Contrary to France, it is unlikely that a time will ever come when extreme heat is apolitical in the U.S. “It’s become politically anathema on the right to say that heat is dangerous because it’s tied so closely to climate change,” Keller said. “There’s every incentive to trivialize it.” This summer, the federal Occupational Safety and Health Administration, or OSHA, unveiled a proposal that would require employers to provide breaks and water for their employees. A top Republican lawmaker said OSHA’s proposed rule was “one of the most idiotic things they’ve ever done.”
In the U.S., science rarely trumps political intractability. But money can often do what climate projections cannot.

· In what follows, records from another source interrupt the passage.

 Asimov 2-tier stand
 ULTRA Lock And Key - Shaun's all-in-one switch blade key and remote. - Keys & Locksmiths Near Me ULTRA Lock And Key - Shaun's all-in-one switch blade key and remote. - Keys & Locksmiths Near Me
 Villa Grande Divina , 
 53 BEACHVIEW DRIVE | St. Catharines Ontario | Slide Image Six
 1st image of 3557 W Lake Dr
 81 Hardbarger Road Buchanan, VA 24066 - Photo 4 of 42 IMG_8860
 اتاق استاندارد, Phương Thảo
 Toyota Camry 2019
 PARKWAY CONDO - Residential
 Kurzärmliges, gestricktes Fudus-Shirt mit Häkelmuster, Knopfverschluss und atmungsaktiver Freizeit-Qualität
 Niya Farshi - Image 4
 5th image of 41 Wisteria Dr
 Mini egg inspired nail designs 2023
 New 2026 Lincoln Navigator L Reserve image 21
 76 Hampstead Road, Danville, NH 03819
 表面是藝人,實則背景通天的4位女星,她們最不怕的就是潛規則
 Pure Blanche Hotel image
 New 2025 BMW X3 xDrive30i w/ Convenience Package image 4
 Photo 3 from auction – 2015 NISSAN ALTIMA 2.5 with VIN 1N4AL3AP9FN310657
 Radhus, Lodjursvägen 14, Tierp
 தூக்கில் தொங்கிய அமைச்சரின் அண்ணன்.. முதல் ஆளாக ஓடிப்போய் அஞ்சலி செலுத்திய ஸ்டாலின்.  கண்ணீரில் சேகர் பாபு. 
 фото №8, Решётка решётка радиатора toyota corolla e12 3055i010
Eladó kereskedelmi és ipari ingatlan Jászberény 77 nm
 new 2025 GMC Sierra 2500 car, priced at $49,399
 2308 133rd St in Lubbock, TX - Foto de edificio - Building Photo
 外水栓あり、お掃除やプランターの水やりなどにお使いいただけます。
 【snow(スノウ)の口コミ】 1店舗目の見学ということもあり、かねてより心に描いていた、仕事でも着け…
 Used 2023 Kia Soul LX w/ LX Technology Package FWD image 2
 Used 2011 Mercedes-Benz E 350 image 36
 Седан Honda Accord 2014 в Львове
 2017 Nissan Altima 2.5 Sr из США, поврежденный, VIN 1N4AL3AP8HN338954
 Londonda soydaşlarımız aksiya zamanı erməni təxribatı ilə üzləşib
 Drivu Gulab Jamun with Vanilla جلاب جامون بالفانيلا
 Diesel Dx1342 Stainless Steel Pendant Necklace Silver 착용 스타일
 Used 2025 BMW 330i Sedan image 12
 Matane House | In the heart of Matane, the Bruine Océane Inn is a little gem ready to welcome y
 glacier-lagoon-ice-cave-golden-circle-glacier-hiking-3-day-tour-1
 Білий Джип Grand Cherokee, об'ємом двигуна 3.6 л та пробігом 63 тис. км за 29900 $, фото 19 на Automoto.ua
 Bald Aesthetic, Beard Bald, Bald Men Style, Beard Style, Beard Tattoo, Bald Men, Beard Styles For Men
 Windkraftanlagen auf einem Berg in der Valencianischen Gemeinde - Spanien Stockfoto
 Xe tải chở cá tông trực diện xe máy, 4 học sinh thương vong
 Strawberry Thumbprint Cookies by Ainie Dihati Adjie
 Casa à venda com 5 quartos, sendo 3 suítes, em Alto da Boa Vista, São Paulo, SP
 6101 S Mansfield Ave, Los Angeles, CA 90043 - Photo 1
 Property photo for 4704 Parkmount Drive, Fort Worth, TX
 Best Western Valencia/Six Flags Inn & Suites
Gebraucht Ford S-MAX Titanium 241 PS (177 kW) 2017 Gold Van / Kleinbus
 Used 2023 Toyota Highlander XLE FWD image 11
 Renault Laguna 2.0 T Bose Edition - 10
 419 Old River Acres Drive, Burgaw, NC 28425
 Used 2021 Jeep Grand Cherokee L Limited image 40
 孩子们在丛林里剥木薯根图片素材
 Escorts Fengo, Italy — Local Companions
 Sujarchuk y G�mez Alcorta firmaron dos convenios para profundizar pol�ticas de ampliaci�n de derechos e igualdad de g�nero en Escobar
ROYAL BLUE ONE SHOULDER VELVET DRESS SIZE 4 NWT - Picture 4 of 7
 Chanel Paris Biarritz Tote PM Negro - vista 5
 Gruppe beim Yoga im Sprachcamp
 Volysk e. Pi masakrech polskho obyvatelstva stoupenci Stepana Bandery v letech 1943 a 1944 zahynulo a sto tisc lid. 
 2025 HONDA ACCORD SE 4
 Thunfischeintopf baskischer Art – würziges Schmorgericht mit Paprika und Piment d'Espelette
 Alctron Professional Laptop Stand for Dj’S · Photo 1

Ulrich, with 10 Across, said that FEMA recently agreed to engage in an emergency scenario exercise with the officers in the Ten Across network. The goal of the exercise is to “help local governments determine process flow and coordination with FEMA before, during, and after extreme heat events.” One of the reasons why FEMA has been slow to respond to heat waves is that heat, unlike hurricanes or flooding, rarely causes widespread physical damage to infrastructure. It’s hard to write a check for heat — its toll is largely invisible. But as temperatures rise, the costs of confronting heat will also increase. Hospitals will reach capacity, morgues will overflow, cars will overheat, roads will melt, train tracks will swell and warp. FEMA’s participation in the emergency scenario exercise suggests that the agency is willing to engage with heat officers as it mulls over how to reimburse states for losses incurred during heat waves.
“As with all severe weather events, FEMA works with communities on a case-by-case basis,” an agency spokesperson told Grist. “If there were to be a scenario where an extreme heat incident potentially exceeded state and local capacity, and a request for either an emergency or major disaster declaration was submitted, it could be considered and if approved it could reimburse the state for eligible costs.”
If FEMA establishes a formula, state officials of all political stripes will likely come calling. Republican-led states seek disaster relief aid following hurricanes and other extreme weather events, even as their elected representatives publicly decry government spending on FEMA and climate action. There’s no reason to think heat will be any different.
Chief heat, sustainability, and resilience officers could play a critical role in helping states figure out how to use this funding effectively. These officers are already puzzling out how to lessen the impacts of extreme heat on the public using the fewest dollars possible. They also know the heat is getting worse, that America is unprepared, and that someday, the public will demand answers. “We know that political winds change,” Segura said. When it comes to heat, it’s not a matter of if, she said, it’s a matter of when.
This post was updated with a comment from FEMA.